> Records for the exercise:
==========

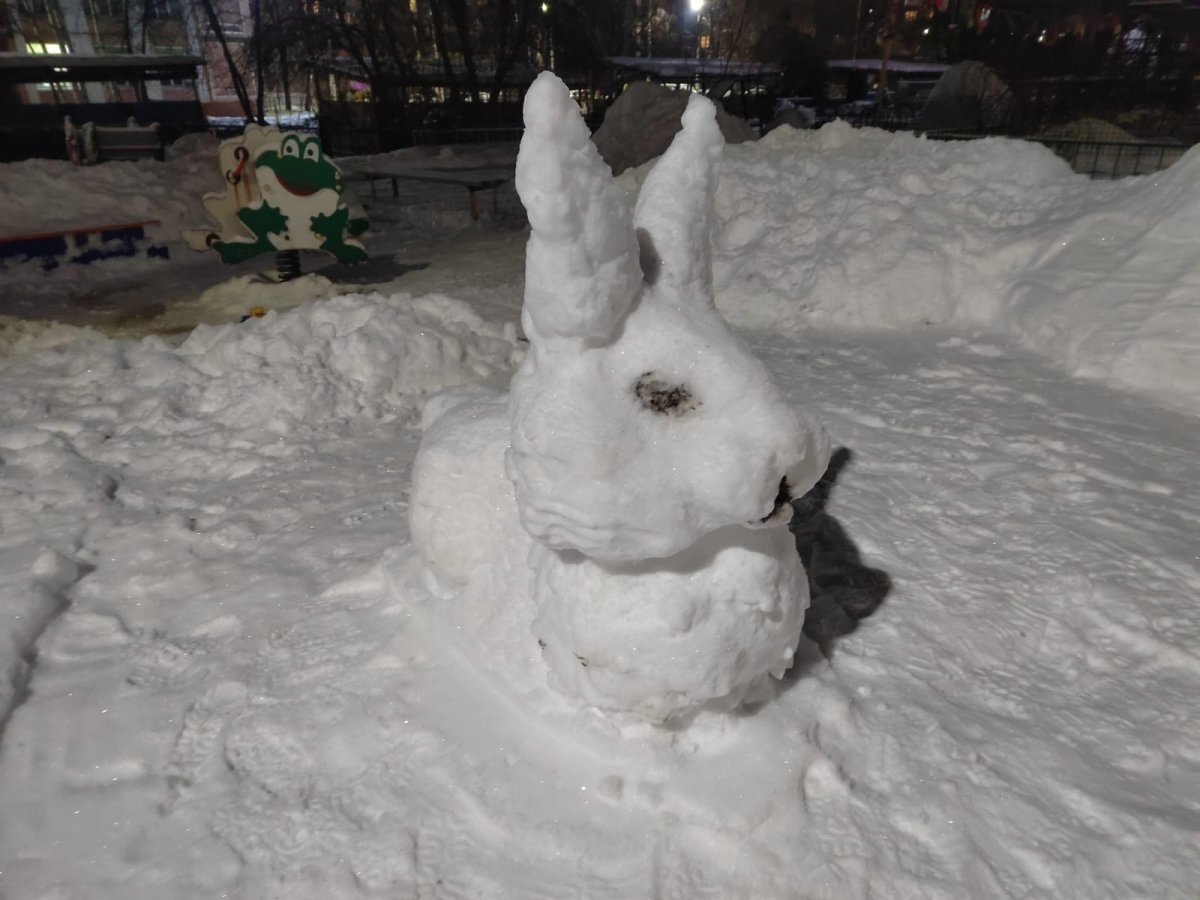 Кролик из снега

==========

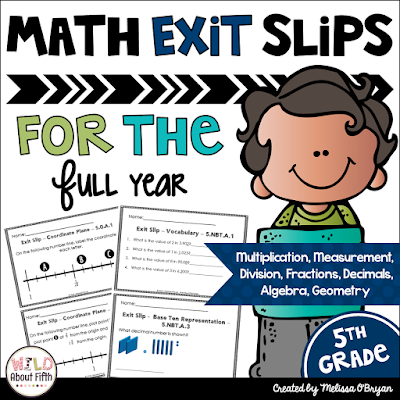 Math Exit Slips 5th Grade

==========

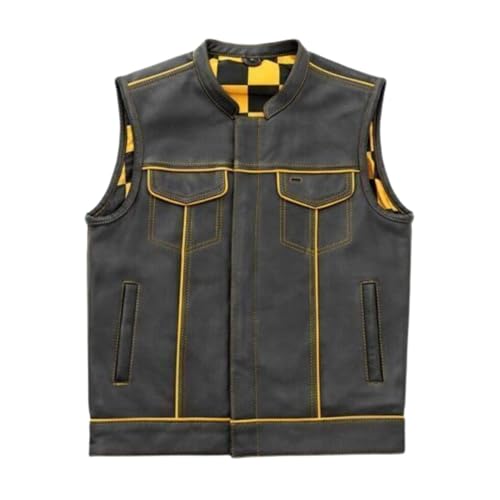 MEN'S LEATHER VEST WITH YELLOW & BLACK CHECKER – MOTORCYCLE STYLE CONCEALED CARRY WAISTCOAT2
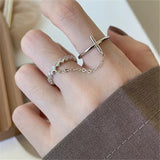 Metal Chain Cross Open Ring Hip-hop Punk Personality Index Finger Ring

==========

> Exercise: Find the line with "MEN'S LEATHER VEST" in the data above, and from there retype each line exactly through the line with "Metal Chain Cross", skipping the pictures along the way.

> Response area:
 MEN'S LEATHER VEST WITH YELLOW & BLACK CHECKER – MOTORCYCLE STYLE CONCEALED CARRY WAISTCOAT2
 Metal Chain Cross Open Ring Hip-hop Punk Personality Index Finger Ring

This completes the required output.